A Story of Umami
“I thought umami only came from meat!” In one of our workshops on umami, we witnessed a vegetarian tasting her way into the umami joy that can be found in so many vegetables and vegetarian dishes.
Umami is the fifth taste, the “delicious savory taste,” as it translates from the Japanese.
Our mouth has Umami taste receptors based on our need for and recognition of glutamates, a necessary neurotransmitter for the human body. Beyond the MSG debate, glutamates, regardless of source, have a place in our diets and how our bodies and brains function. Every culture in the world has found a way to bring them into our food systems, like many variations on fish sauce, whether rakfisk or lutefisk in Norway, garum from anchovies in Italy, or nuac mam in Vietnam.
Just by reading about it, your mouth is probably watering, which is the idea. Umami inspires digestion and appetite, readying the body for food it needs. That’s actually what umami does for me. It readies me for what’s next with a depth of comfort and satisfaction that actually gives me confidence! It is the taste of calm to me.

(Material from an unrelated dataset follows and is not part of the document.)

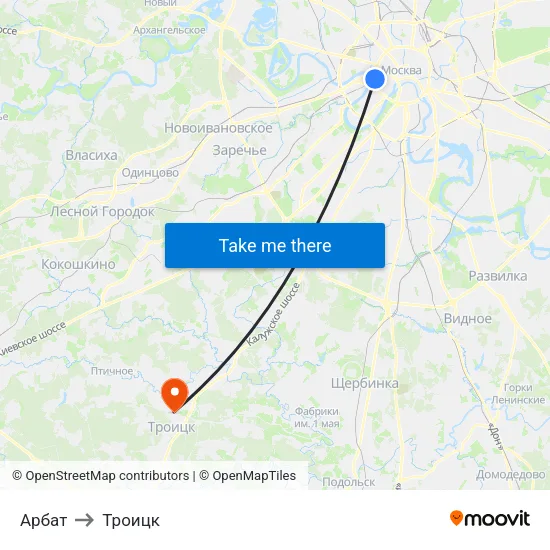 Арбат to Троицк map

Umami is what I taste when I pause to savor the bite or sip I’ve taken, whether it’s a handcrafted miso paste whisked into a broth to deepen the flavors of spinach and tofu, or a beautiful ripe tomato that I’ve just sliced, sprinkled with a hint of sea salt and drizzled with a zippy mediterranean olive oil. A very satisfying umami experience reminds me that I can recognize the nuance of flavor, I can feel gratitude for the expression of time and character from what I’ve eaten, and I can appreciate the complexity in what I may be about to do because I have appreciated it in what I just ate.

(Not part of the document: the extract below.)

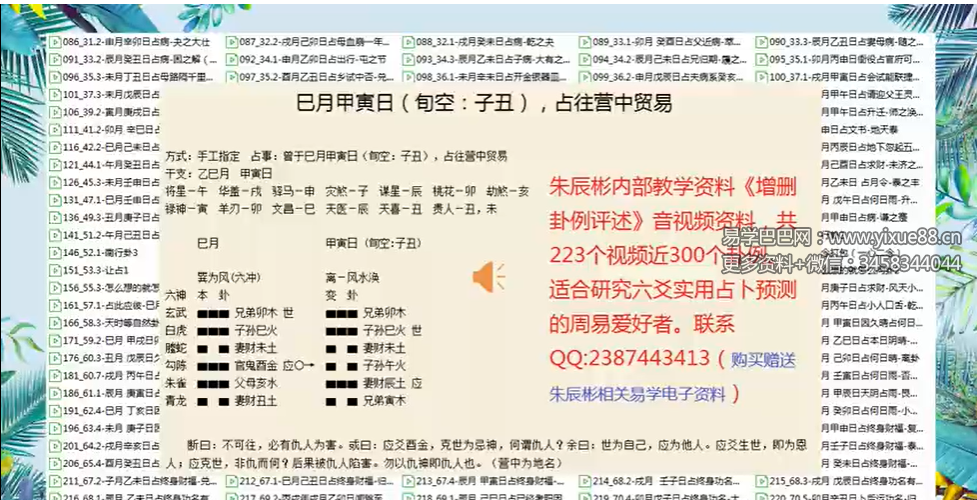朱辰彬增删卦易卦例视频221集+录音69集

An Umami Deep Dive with A Matter of Taste provides access to the leading conversations about umami and also gives insight to the surprisingly long list of sources for umami in our diets, from cheeses to specific fruits and vegetables, to yes, cured and fermented meats. Mushrooms, our connection to the mycelial network of our planet, also major umami players, in all their forms. Fresh, dried, cooked or raw, shiitake or porcini, umami all the way. Tomatoes, potatoes, cabbages, yes, yes, and yes. A beautifully satisfying vegetarian pasta sauce can be loaded with umami using ingredients you might have in the pantry.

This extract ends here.